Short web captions
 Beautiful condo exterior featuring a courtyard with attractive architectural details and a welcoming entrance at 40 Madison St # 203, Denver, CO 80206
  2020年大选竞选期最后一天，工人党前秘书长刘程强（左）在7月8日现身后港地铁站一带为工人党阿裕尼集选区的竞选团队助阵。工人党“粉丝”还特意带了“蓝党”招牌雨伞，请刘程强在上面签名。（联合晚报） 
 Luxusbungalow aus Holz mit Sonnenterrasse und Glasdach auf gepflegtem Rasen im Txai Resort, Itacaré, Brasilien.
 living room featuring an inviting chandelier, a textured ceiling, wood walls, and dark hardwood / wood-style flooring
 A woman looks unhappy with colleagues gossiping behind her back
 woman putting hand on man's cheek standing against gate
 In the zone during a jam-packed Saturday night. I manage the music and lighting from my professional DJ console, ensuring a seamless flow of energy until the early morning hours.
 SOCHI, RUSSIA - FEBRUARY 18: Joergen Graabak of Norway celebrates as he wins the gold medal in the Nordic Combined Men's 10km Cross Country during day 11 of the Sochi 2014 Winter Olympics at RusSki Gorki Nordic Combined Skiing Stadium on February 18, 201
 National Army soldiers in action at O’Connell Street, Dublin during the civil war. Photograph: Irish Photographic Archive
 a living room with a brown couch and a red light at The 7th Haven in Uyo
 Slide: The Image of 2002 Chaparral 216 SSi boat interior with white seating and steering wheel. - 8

WHAT YOU WILL DO: Output each line exactly, from the first line of the data down to the line that contains "SOCHI, RUSSIA - FEBRUARY", both included.

EXERCISE SOLUTION:
 Beautiful condo exterior featuring a courtyard with attractive architectural details and a welcoming entrance at 40 Madison St # 203, Denver, CO 80206
  2020年大选竞选期最后一天，工人党前秘书长刘程强（左）在7月8日现身后港地铁站一带为工人党阿裕尼集选区的竞选团队助阵。工人党“粉丝”还特意带了“蓝党”招牌雨伞，请刘程强在上面签名。（联合晚报） 
 Luxusbungalow aus Holz mit Sonnenterrasse und Glasdach auf gepflegtem Rasen im Txai Resort, Itacaré, Brasilien.
 living room featuring an inviting chandelier, a textured ceiling, wood walls, and dark hardwood / wood-style flooring
 A woman looks unhappy with colleagues gossiping behind her back
 woman putting hand on man's cheek standing against gate
 In the zone during a jam-packed Saturday night. I manage the music and lighting from my professional DJ console, ensuring a seamless flow of energy until the early morning hours.
 SOCHI, RUSSIA - FEBRUARY 18: Joergen Graabak of Norway celebrates as he wins the gold medal in the Nordic Combined Men's 10km Cross Country during day 11 of the Sochi 2014 Winter Olympics at RusSki Gorki Nordic Combined Skiing Stadium on February 18, 201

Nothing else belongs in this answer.